Of course, a TV series not being the OVA it's drawing on isn't a crime, and if none of the changes are improvements, none of them are ruinous either, even if the removal of Fatora and the almost entire straightwashing of her partner Alielle feels depressingly censorious.  This version of Makota is more interesting and proactive, the more comedic take on certain characters, notably Ifurita, frequently pays off, and a lot of the standalone episodes are plenty of fun.  The Wanderers rarely sparkles - all else aside, the thoroughly middling TV animation sees to that - but it's generally pleasant and amusing, the sort of show that's easy to chill to for a fairly mindless twenty-two minutes.  I can't imagine anyone preferring this to The Magnificent World, and I doubt I'll ever return to it as I'm sure I will the OVA, but as an opportunity to hang out with some of the cast at greater length and in more laid-back surroundings, I can't say I resented my time with it.

El-Hazard The Magnificent World 2, 1997, dir: Yoshiaki Iwasaki

You remember those straight-to-video sequels Disney used to bang out with horrifying regularity?  They were calculated to look just enough like proper movies, and indeed like the proper movies they were follow-ups to, that undiscriminating parents would pick them up for their undiscriminating children.  But though the character designs would be basically the same, the animators would be guaranteed to have trouble sticking to them, since they were operating with a fraction of the talent and an even smaller fraction of the budget.  And though occasionally they'd have the virtue of being hilariously weird - Cinderella 3: A Twist in Time, anyone? - they could be guaranteed not to add a damn thing to the movies they were supposed to be expanding on, most of which left no real room for sequels.  The best that could be hoped would be that they didn't actively sabotage their predecessors.

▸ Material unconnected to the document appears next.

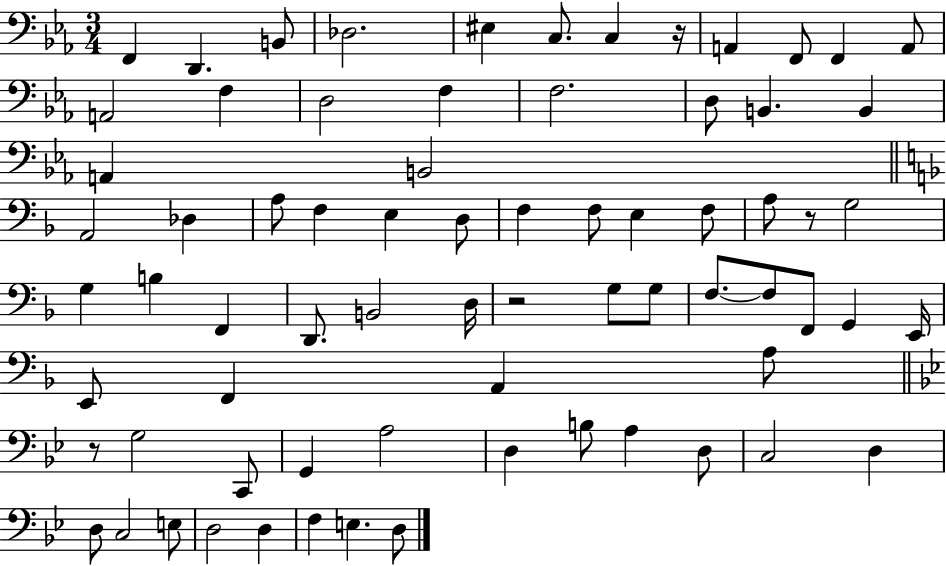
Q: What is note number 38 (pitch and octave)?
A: B2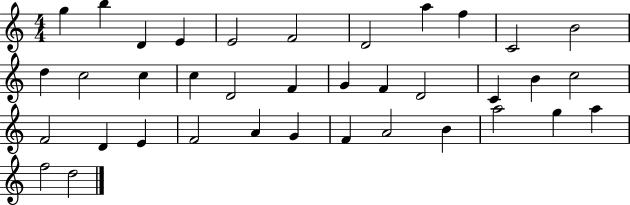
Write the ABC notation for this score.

El-Hazard: The Magnificent World 2 is what would happen if Disney had produced a straight-to-video sequel to the original El-Hazard OVA.  From its eye-wateringly crappy animation to its utter lack of inspiration to its failure to enhance a story that was perfectly whole in its own right, no other comparison fits so well.  Anime, after all, has never had quite the cash-in culture that's plagued Western cinema practically since its inception; there's no guarantee that a sequel will be cheaper than the original, or for that matter that it won't merrily chuck out half of what was crucial to the original's success.  Which makes it all the more striking both that The Magnificent World 2 exists - that impossibly lazy title says it all - and that anyone felt it a worthy continuation of one of the most lavish OVAs of the nineties.  Remember how I said there isn't a moment's sloppiness anywhere in The Magnificent World?  Well, here the opposite is true: aside from some decent effects shots and a couple of solid action sequences, there isn't a frame without its flaws.  And sometimes those flaws are appalling and unmissable; it seems no-one on the staff, for example, understood what eyes look like at a distance.  If you ever wanted to teach someone the differences between stunningly realised animation and cheap, shabby animation then - well, go with those Disney straight to video films, I guess, but if none are to hand, this would be the ideal substitute.

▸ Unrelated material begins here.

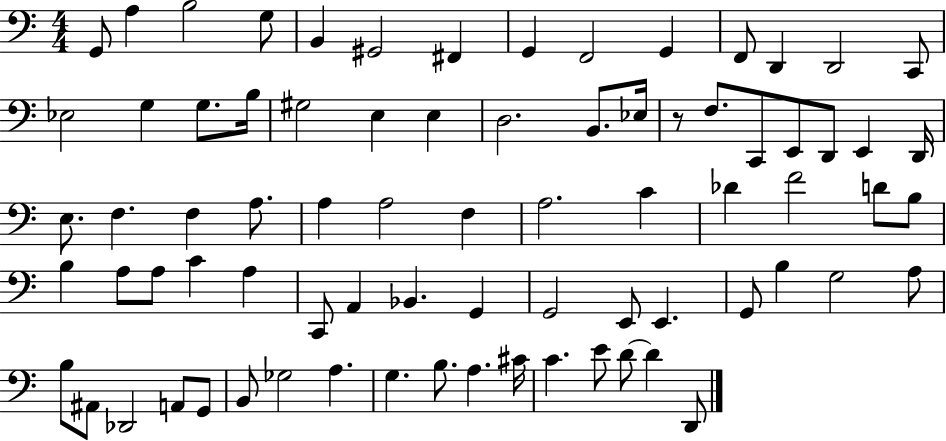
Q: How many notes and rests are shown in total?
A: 77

The problem, I suspect, was that El-Hazard: The Magnificent World was a little too perfect, leaving no conspicuous threads that begged to be tied up and so no meaningful direction in which a series could develop.  What we get instead is a tale that almost has to trample on the toes of its predecessor, making explicit what was gently implied, digging into aspects of the world-building that were more satisfying left vague, and outright ruining at least three of the characters, either by bringing them back in the most depressing ways imaginable or misrepresenting them so badly that they're unrecognisable.  Even if that weren't the case, its reliance on outrageous coincidence and joyless comedy to get its ducks in a row, in service of a plot that couldn't dive harder into anime tropes if it tried, would make it shockingly lacklustre.  Take this same material wrapped up in this same animation but peel away the El-Hazard brand and it would be middling at best, but try and present it as a meaningful follow-up to one of the finest OVAs of the decade and the result is a hard slap in the face.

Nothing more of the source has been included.